For Stanford, in your opinion, how much do essays matter? From what I’ve seen so far in terms of admitted applicants, extracurricular activities appear to be the most meaningful for Stanford, somewhat even more so than grades, although I’m not fully sure if essays bear HUGE weight in admission.
I applied to Stanford RD with a 4.1 weighted cumulative GPA (including senior year first semester) and some decent extracurriculars (got president’s gold service volunteering award three times and LOTS of volunteering). However, I do know that my grades are rather lackluster for Stanford, and my EC’s aren’t extraordinary such as creating a nonprofit organization or inventing things etc. Assuming that I have good recommendation letters and stellar essays (actually quite proud of my common app essay on cultural identity and some creative supplemental responses), are those potentially enough to bridge the gap for an acceptance? I highly doubt I even have a shot of being accepted, but please be as honest as possible because I’m quite curious.
Apologies if you saw my redundant discussion from yesterday with a similar question, but this discussion is SPECIFICALLY only for Stanford.
You should know every bit of your app and supp matter to Stanford or any other tippy top. Every bit. No one piece will trump, if the others don’t line up.
And that it’s not weighted gpa. They look at the transcript and expect rigor and top performnce- the competition is that fierce. Sorry, but that’s an honest answer. It’s ridiculously difficult.

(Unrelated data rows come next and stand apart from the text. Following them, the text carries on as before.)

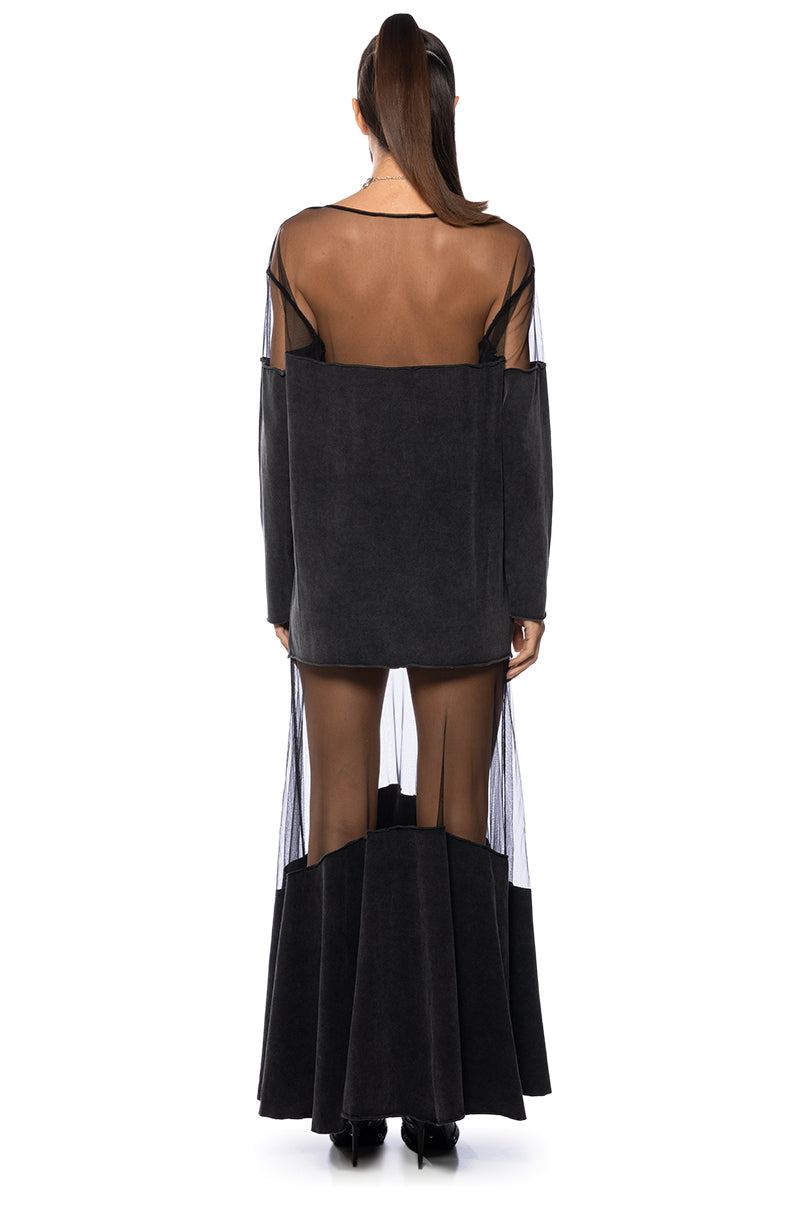 BLANK SPACE MESH MAXI DRESS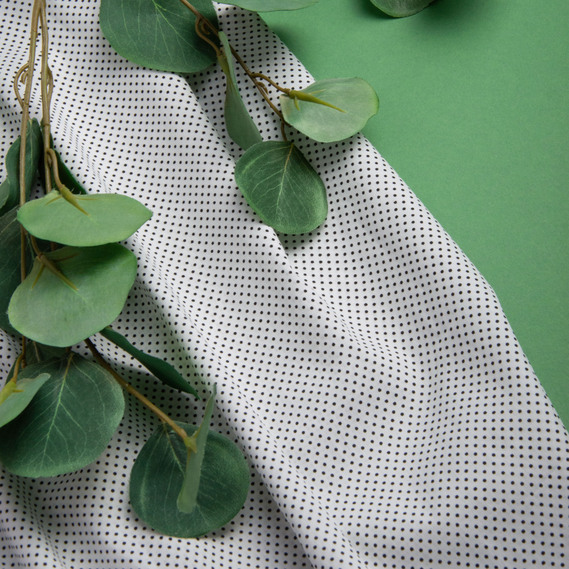 Тканина поплин бавовна, натуральна тканина горошок біла, фото 3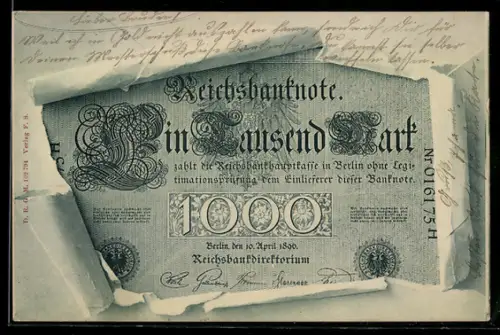 AK Reichsbanknote 1000 Mark, Geldschein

I can’t chance you, but good rec letters (all applicants will have those at a minimum, many applicants will be from highly competitive, rigorous high schools and have letters that say ‘this is one of the best students I have ever had’), and stellar essays (many applicants will have those) will not ‘bridge the gap’ caused by a relatively low unweighted GPA (what is yours?) and average ECs. Rigor of your high school classes is also very important. With an acceptance rate below 5%, an acceptance to Stanford is really difficult for even very high achieving and/or pointy students.
Hopefully you have applied to a number of schools (in categories such as reach-target-safety) that you will be excited to attend in the fall. Good luck.